▶ **GOAL OF THE EXERCISE**: Begin at the top of the records below and print each line exactly until the line containing "RPA Use Cases" has been printed; any pictures are to be left out.

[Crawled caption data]

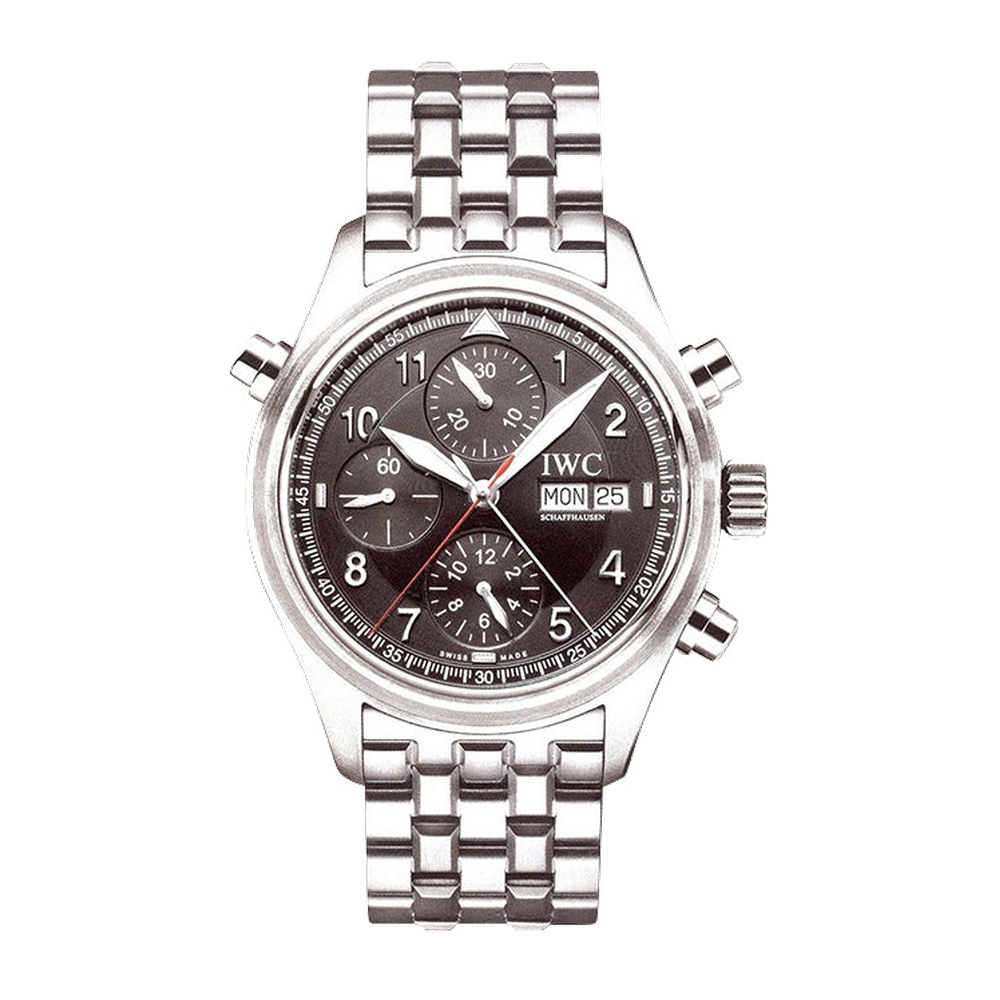 IWC Pilot's Watch Spitfire Double Chronograph Stainless Steel / Black / English / Bracelet
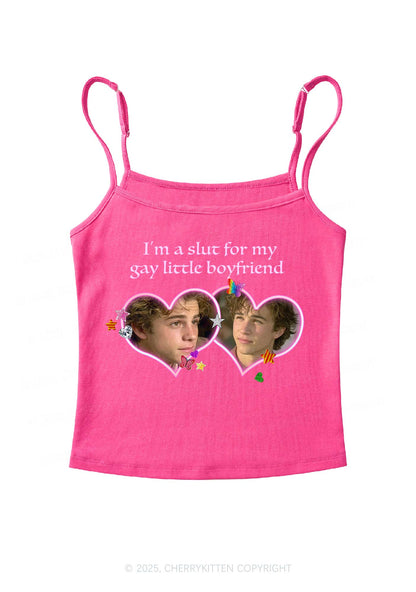 Custom Slxt Gay BF Photo Y2K Spaghetti Strap Cami Cherrykitten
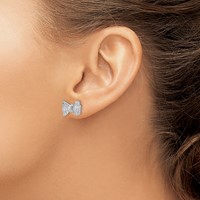 Brilliant Embers Sterling Silver Rhodium-plated 102 Stone Micro Pav‚ CZ Bow Post Earrings view 3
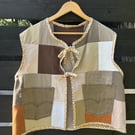 Patchwork denim waistcoat - Neutral tones - Upcycled 
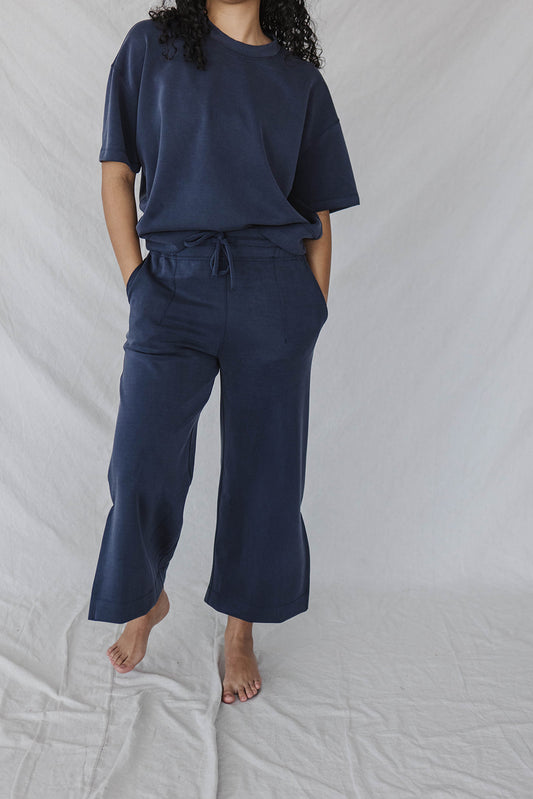 Jet-Setter Set Wide Leg Short Sleeve| Navy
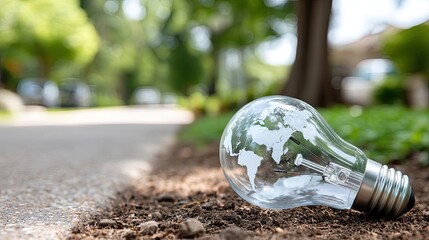 Innovative concept of eco-friendly lighting featuring a light bulb with a small tree inside, symbolizing sustainability and environmental awareness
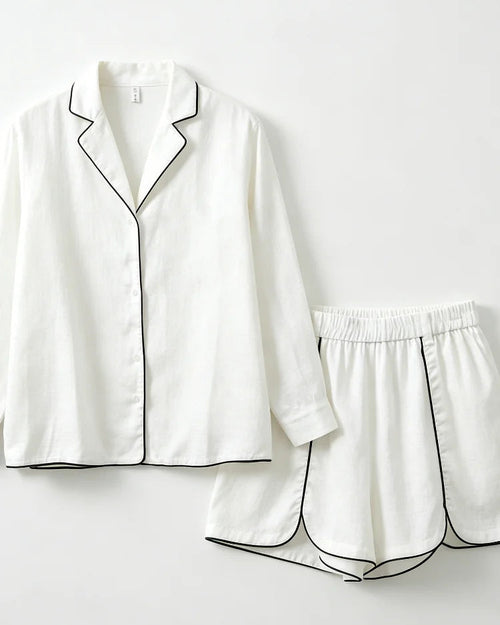 Solid Puff Sleeve Shirt Shorts Set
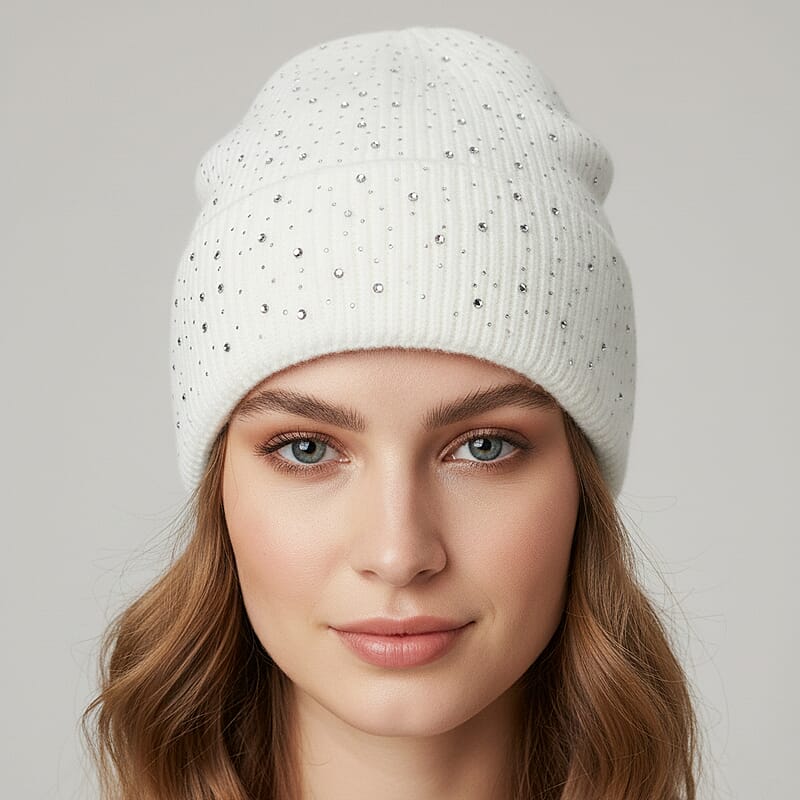 Tamsy Crystal Knitted 1pc Pompom Hat and 1pc Crystal Hat - White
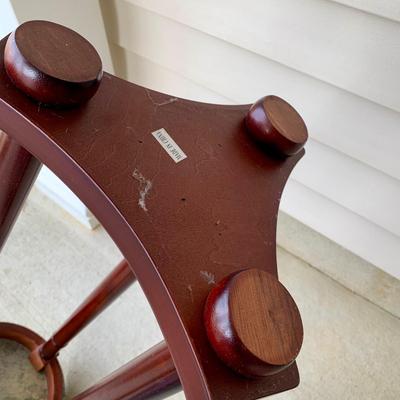 LOT 37 G: Dark Wood Plant Stand & Mahogany w/ Marble Top Plant Stand
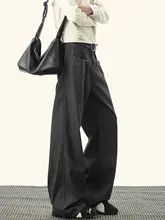 ストライプデザインのデニムパンツ【ユニセックス・秋用・クリーンフィット・Aライン・フレア】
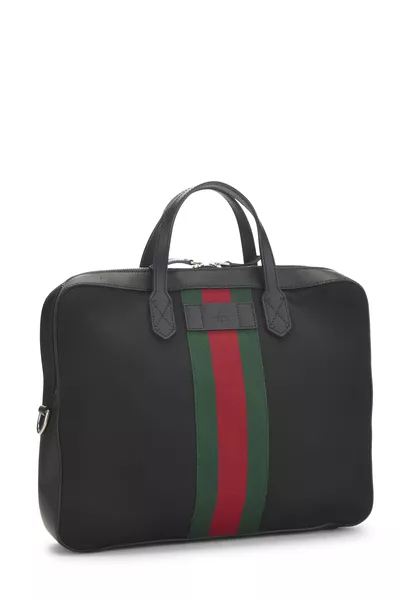 Black Techno Canvas Web Briefcase, , large
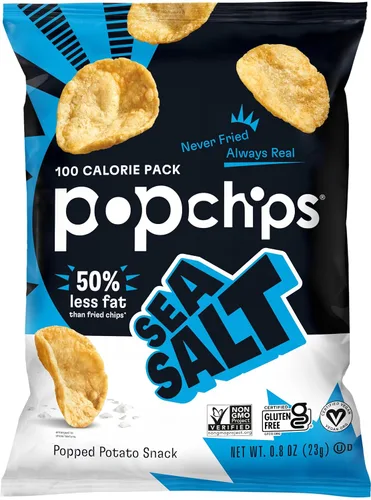 Miniatura 24 de Popchips Paquete variado de papas fritas, porciones individuales de 0.8 onzas (paquete de 24), 4 sabores: 8 sal marina, 8 barbacoa, 4 crema agria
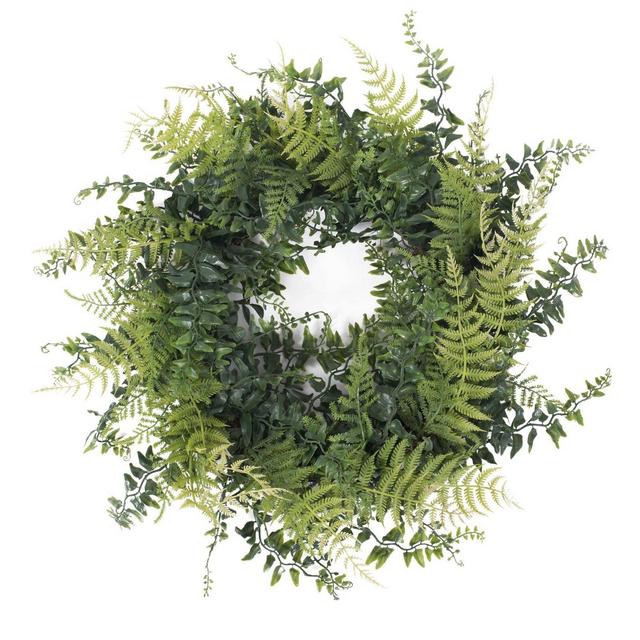 Artificial Buckler Fern & Grass Wreath (18")- Vickerman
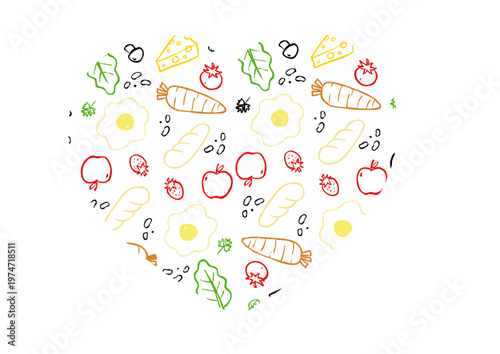 Healthy Food Seamless Pattern Hand Drawn Vegetables Line Art Background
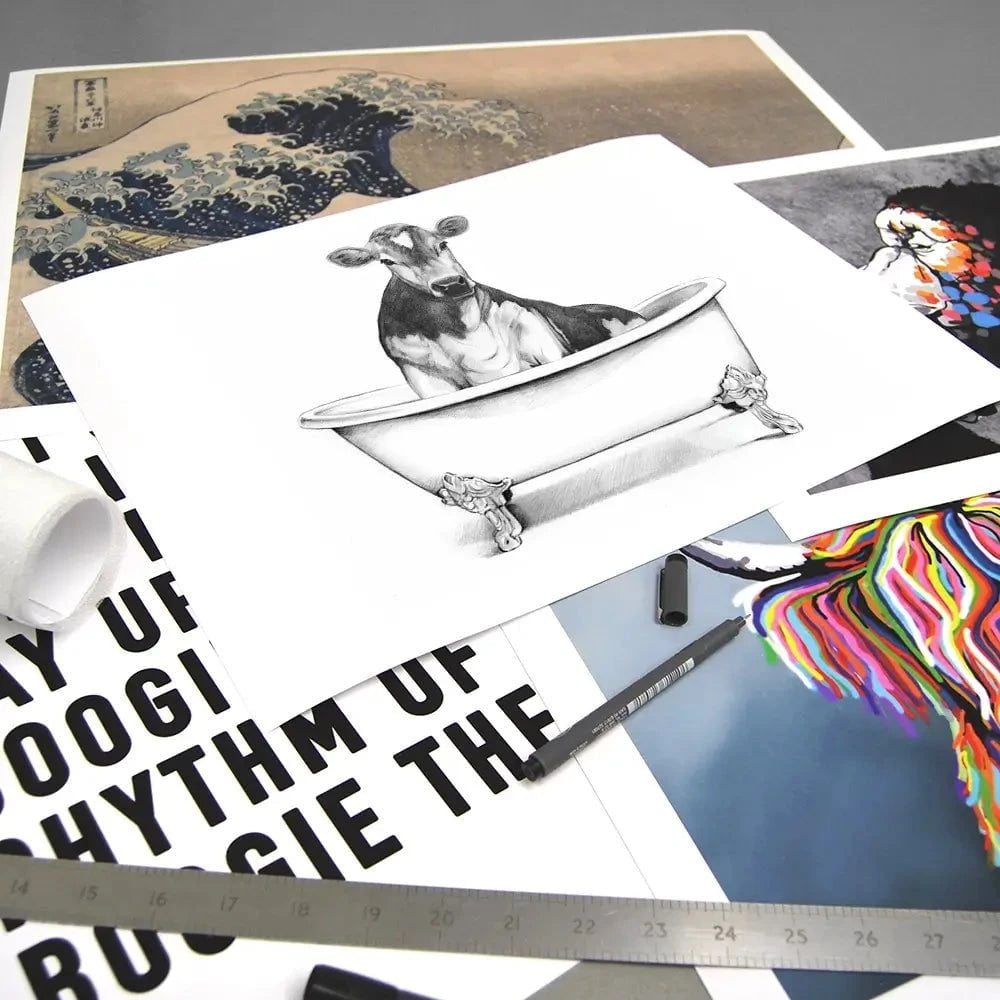 Cow In A Bathtub Art Print Cow In A Bathtub Art Print wall art product Victoria Borges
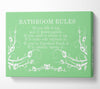Bathroom Quote Bathroom Rules 2 Green Canvas Wall Art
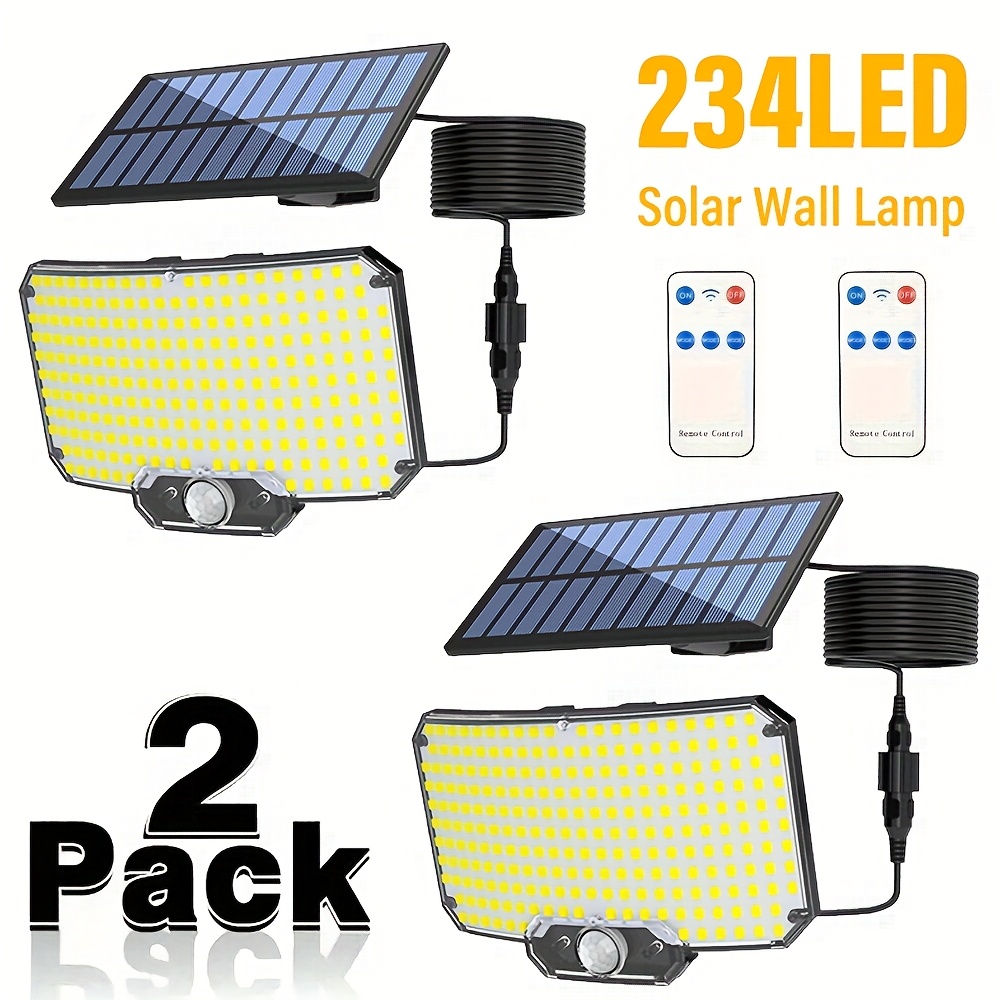 1-2 uds luz Solar superbrillante 234LED, farola con Sensor IR, luz de pared decorativa, múltiples modos de interruptor con Control remoto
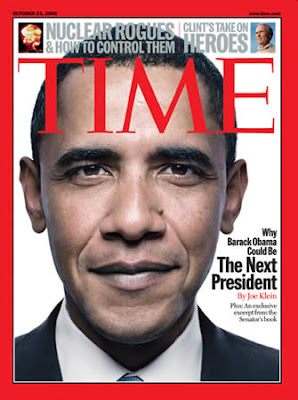 Barack Obama in Time Cover, No he become  a President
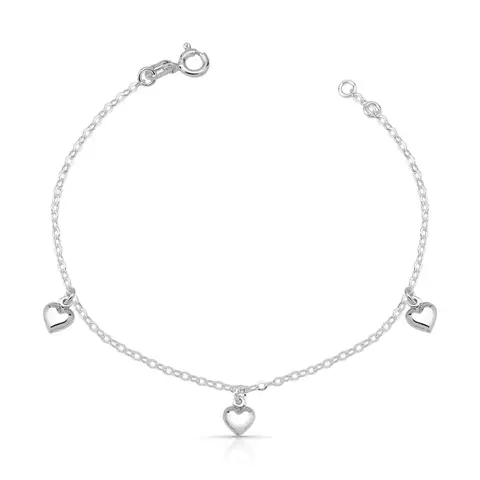 Pulseira 3 Corações Liso Pendurado de Prata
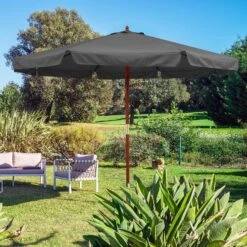 Sonnenschirm Anthrazit Holz Ø330cm UV-Schutz 50+ -Elholly Geschaft 18b3177e3025ef6b3945dbccad4f7dbe de 108782d 12 1 1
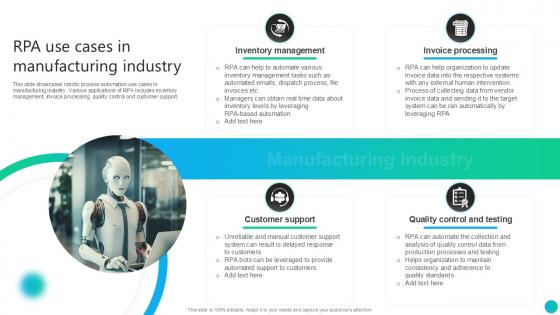 RPA Use Cases In Manufacturing Industry PPT Slide AI SS V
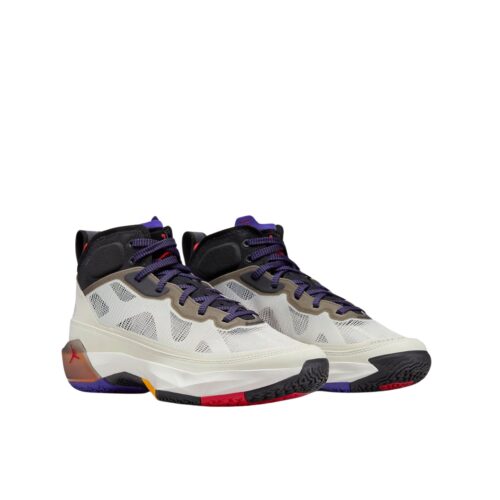 NIKE AIR JORDAN 37 PF BEYOND BORDERS LIGHT BONE FIRE RED BLACK DARK CONCORD DD6959 060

▶ **SOLUTION TO THIS PROBLEM**:
 IWC Pilot's Watch Spitfire Double Chronograph Stainless Steel / Black / English / Bracelet
 Custom Slxt Gay BF Photo Y2K Spaghetti Strap Cami Cherrykitten
 Brilliant Embers Sterling Silver Rhodium-plated 102 Stone Micro Pav‚ CZ Bow Post Earrings view 3
 Patchwork denim waistcoat - Neutral tones - Upcycled 
 Jet-Setter Set Wide Leg Short Sleeve| Navy
 Innovative concept of eco-friendly lighting featuring a light bulb with a small tree inside, symbolizing sustainability and environmental awareness
 Solid Puff Sleeve Shirt Shorts Set
 Tamsy Crystal Knitted 1pc Pompom Hat and 1pc Crystal Hat - White
 LOT 37 G: Dark Wood Plant Stand & Mahogany w/ Marble Top Plant Stand
 ストライプデザインのデニムパンツ【ユニセックス・秋用・クリーンフィット・Aライン・フレア】
 Black Techno Canvas Web Briefcase, , large
 Miniatura 24 de Popchips Paquete variado de papas fritas, porciones individuales de 0.8 onzas (paquete de 24), 4 sabores: 8 sal marina, 8 barbacoa, 4 crema agria
 Artificial Buckler Fern & Grass Wreath (18")- Vickerman
 Healthy Food Seamless Pattern Hand Drawn Vegetables Line Art Background
 Cow In A Bathtub Art Print Cow In A Bathtub Art Print wall art product Victoria Borges
Bathroom Quote Bathroom Rules 2 Green Canvas Wall Art
 1-2 uds luz Solar superbrillante 234LED, farola con Sensor IR, luz de pared decorativa, múltiples modos de interruptor con Control remoto
 Barack Obama in Time Cover, No he become  a President
 Pulseira 3 Corações Liso Pendurado de Prata
 Sonnenschirm Anthrazit Holz Ø330cm UV-Schutz 50+ -Elholly Geschaft 18b3177e3025ef6b3945dbccad4f7dbe de 108782d 12 1 1
 RPA Use Cases In Manufacturing Industry PPT Slide AI SS V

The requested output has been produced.